The Doors' back catalogue has undergone a well-deserved reappraisal in the last year or so. After last year's 'Complete Studio Recordings' box set, the individual albums are re-released in remastered form and complete with facsimile LP sleeves and inners.
'The Doors', the band's debut from 1967, is arguably their best full-length work - it's certainly their most cohesive. 'Break On Through' is a tumultuous opening, with Jim Morrison's magnificent voice booming over the frenzied playing of his comrades.
On this album, the band and Morrison are definite equals - both inspiring the other to new heights - unlike their later albums.

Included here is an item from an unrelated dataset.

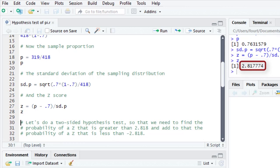Now, you may recall from the past that if we're going to look at a two-sided hypothesis test and have a type 1 error rate of 0.05, we put 0.025 in each tail, and the critical value is 1.96. So I can already tell that we're going to reject the null hypothesis.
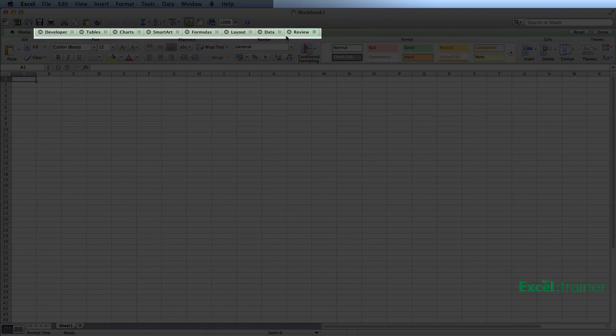If I want to remove a tab, then I just click on the little cross that is next to that particular tab. So if I wanted to remove the Data tab, for example, just click on the cross.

Ray Manzarek's stabbing keyboard on 'Soul Kitchen' gives an edge to Morrison's tale of the city at night.
Covering Weill and Brecht's 'Alabama Song' could be dismissed as literary pretentiousness were it not carried it off with such aplomb. By contrast, Willie Dixon's downhome blues song 'Back Door Man' is a snarling, lascivious beast.
'Light My Fire', in its elongated form, still stands up to scrutiny after all this time. And there's the 'The End', a masterpiece of suspended tension, with Bobby Krieger's snaking guitar lines and John Densmore's booming drums, which sound like they've been recorded in a cave, dragging the song kicking and screaming to its apocalyptic finale.
A brooding, sweeping magnificence of an album.